株式会社GALLUSYSは対戦型写真アプリ「SNPIT」とWeb3ライフスタイルアプリ「SyFu」のパートナーシップ締結を発表した。国内発の取り組みとして、撮影と決済データを軸にした新たなWeb3体験の構築を進める。
SNPITとSyFuが連携しNFT販売へ
2026年3月27日、GALLUSYSが開発するブロックチェーンゲーム「SNPIT」は、決済データを活用するWeb3ライフスタイルアプリ「SyFu」とのパートナーシップ締結を発表した。
両サービスはそれぞれ撮影体験と決済行動を基盤としており、日常のライフログを起点とした連携が進められる。
SyFuは、決済データを活用してNFTの育成や報酬獲得につなげるDePIN型(※)のプロジェクトである。
ユーザーは日々の消費行動を通じてデジタル資産を育成でき、蓄積されたデータは個人の消費実績を示すユニバーサルクレデンシャルとして機能する仕組みを持つ。
一方、SNPITはスマートフォンのカメラ機能を活用し、撮影によってポイントを獲得できるGame-Fiサービスとして2023年12月にリリースされた。
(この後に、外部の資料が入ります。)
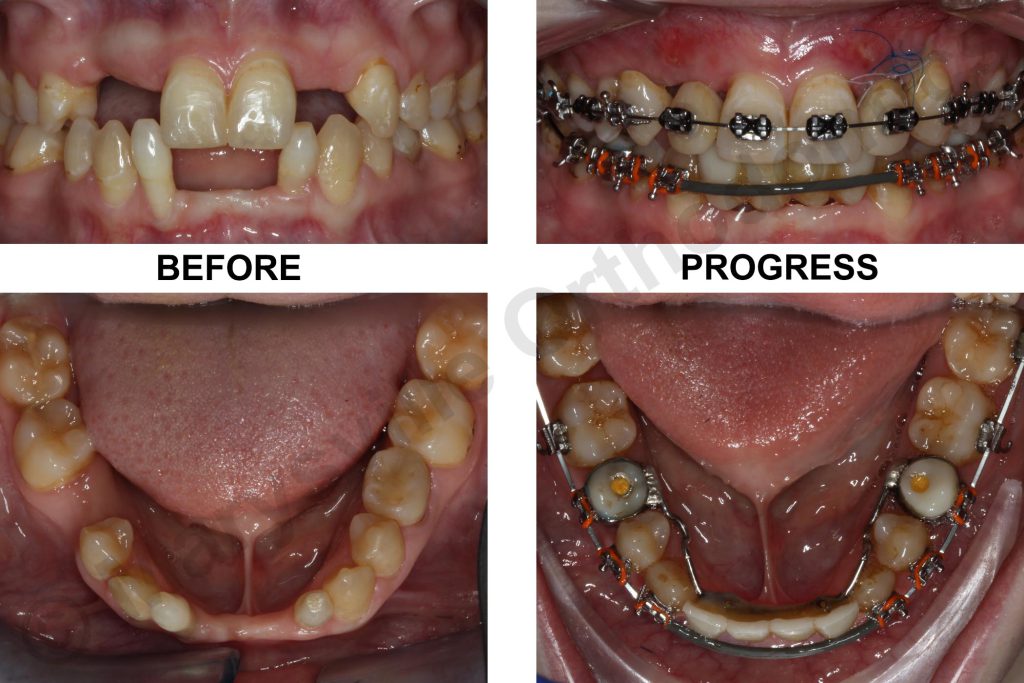 Can you get braces with missing teeth? Dental Clinic in Kampala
ユーザーは写真の品質を高めることでバトル参加資格を得られ、勝利によって追加のポイントを得ることが可能である。
今回の提携における第一弾施策として、限定NFT「SyFu × SNPIT コラボレーションMANEKINEKO」の販売が予定されている。販売開始日は2026年4月5日で、SyFuの特設ページにて取り扱われる。
価格や購入条件は公式SNSで順次発表される予定だ。
※DePIN型:日常生活の物理的行動(Decentralized Physical Infrastructure)をデジタル資産と連動させるWeb3モデル。
日常データ統合がもたらす利点と課題
今回の連携は、ユーザーの行動データを横断的に活用できる点がメリットといえる。
撮影と決済という異なるデータが統合されることで、従来よりも多面的なユーザー評価や報酬設計が可能になり、エンゲージメントの向上につながると考えられる。
また、NFTを介した価値循環が強化される点も見逃せない。単なるコレクションにとどまらず、育成や活用機能を持つことで、ユーザーが継続的に関与する動機が生まれやすくなるとみられる。
この構造は、Web3サービスにおける課題であった利用継続率の改善に寄与する可能性がある。
一方で、複数のライフログを統合することに対するプライバシー面の懸念は無視できない。
決済データは個人の消費傾向を詳細に示すため、その取り扱いや透明性が不十分であれば、ユーザーの信頼低下を招くリスクがある。
今後は、こうしたデータ活用の信頼性確保と、実用性のバランスが重要になるだろう。
両サービスが連携を深化させ、日常行動を価値へ転換するモデルを確立できれば、Web3のユースケース拡張における一つの指標となる可能性がある。